I learn of an Australian psychologist
who adopted an infant in Japan. She gives me the name of the government agency—Jido Sodan Jo. The application asks questions like: Why do you want a child? What kind of upbringing and
education would you give it? What are the most important values you would share with
a child? What about religion? Filling out the application is challenging, but it is an opportunity for Shogo and
me to become very clear on what our values are. So we send in our application and wait.
Bloodlines
Everyone says Japan is a difficult country to adopt
from.
Not only are there few children up for adoption, but it’s the only country in the world where
you need to get the extended family’s approval for the process.
Bloodlines are seen as all-important; one’s ancestors are one’s link to the past. The family registry, or koseki, goes back generations and lists each birth
and marriage,
tying family to family. When we got married, I did not take my husband’s name, and this caused a commotion at the ward office when the clerk said there was no “official space” to put my own name on the form.
My husband stood his ground. “Well, make
a space,” he said, knowing that was impossible. One thing about bureaucracy is
that it most definitely cannot
make a space.
It would have been much easier for him to request
or insist that I change
my name, but he didn’t. He just waited for the bureaucrat to find a way to remedy the situation.
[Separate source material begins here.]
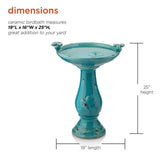Outdoor Turquoise Blue Ceramic Birdbath - FREE SHIPPING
I kept my own name and was added to the koseki.
Then
doubts start to
flood my mind. If we succeed in adoption, I’ll
be bucking the system again.
I know how difficult it is to raise a child, let alone one who is adopted in
a country that is not particularly open to adoption. In
Japan, most adoptions
are kept secret. Some children don’t even find out until their parents die.
So we brace
ourselves and ask
my husband’s father
for permission.
I find out, to my surprise, that his own father
was adopted. Samurai on one side, gangster on the other. My husband has them
all in his ancestry—geisha,
gangster, samurai, rickshaw driver. This assortment of characters pleases me,
makes me feel less strange for my difference, more welcome. My father-in-law
says yes.
We ask his sister, since she lives with
us. She says yes. We breathe a big sigh of relief. But still I worry. All
the possible scenarios tumble through my mind:
I am a Westerner and the child will not look like me, so
everyone will know he or she is adopted. I know of foreign women who don’t take their half-Japanese children to school because their children are ashamed and don’t want their peers to know they are hafu. And because
the child
is “different,” I don’t want him or her to be the victim of ijime, school bullying. That could lead to hikikomori, someone who is afraid to leave the house and spends their childhood at home. Even worse
it could lead to jisatsu—suicide. I know I am being neurotic, already thinking
about the difficulties the child will face in grade school, middle school,
junior high, high school,
and beyond.
I know I am already being a mother.
I share my fears with my husband. We
were both beaten up in school.
“We turned out okay,” he says. It was why I studied karate and meditation, which ultimately led me to Japan.
“Yeah, but we got our asses kicked a lot!”
“Maybe we went through it so our child wouldn’t have to,” he says.
“That’s a nice thought,” I shake my head. If only that
were how it worked.
We decide that we are already a rainbow
family, he with his long hair and stay-at-home job, me with my red streaks and funky
yoga studio, not to
mention his family’s
eccentric lineage and our strange pit-bull mutt. In a
conservative neighborhood in a
conservative country, we already stand out as freaks. Why not embrace it
completely?
Perpetual Yes
The
agency calls about a little girl. We say yes. Nothing happens. Months
later they call about a boy. We wait. They offer the
child to another family. Many young couples are waiting to adopt, and we are
low on the list due to our ages.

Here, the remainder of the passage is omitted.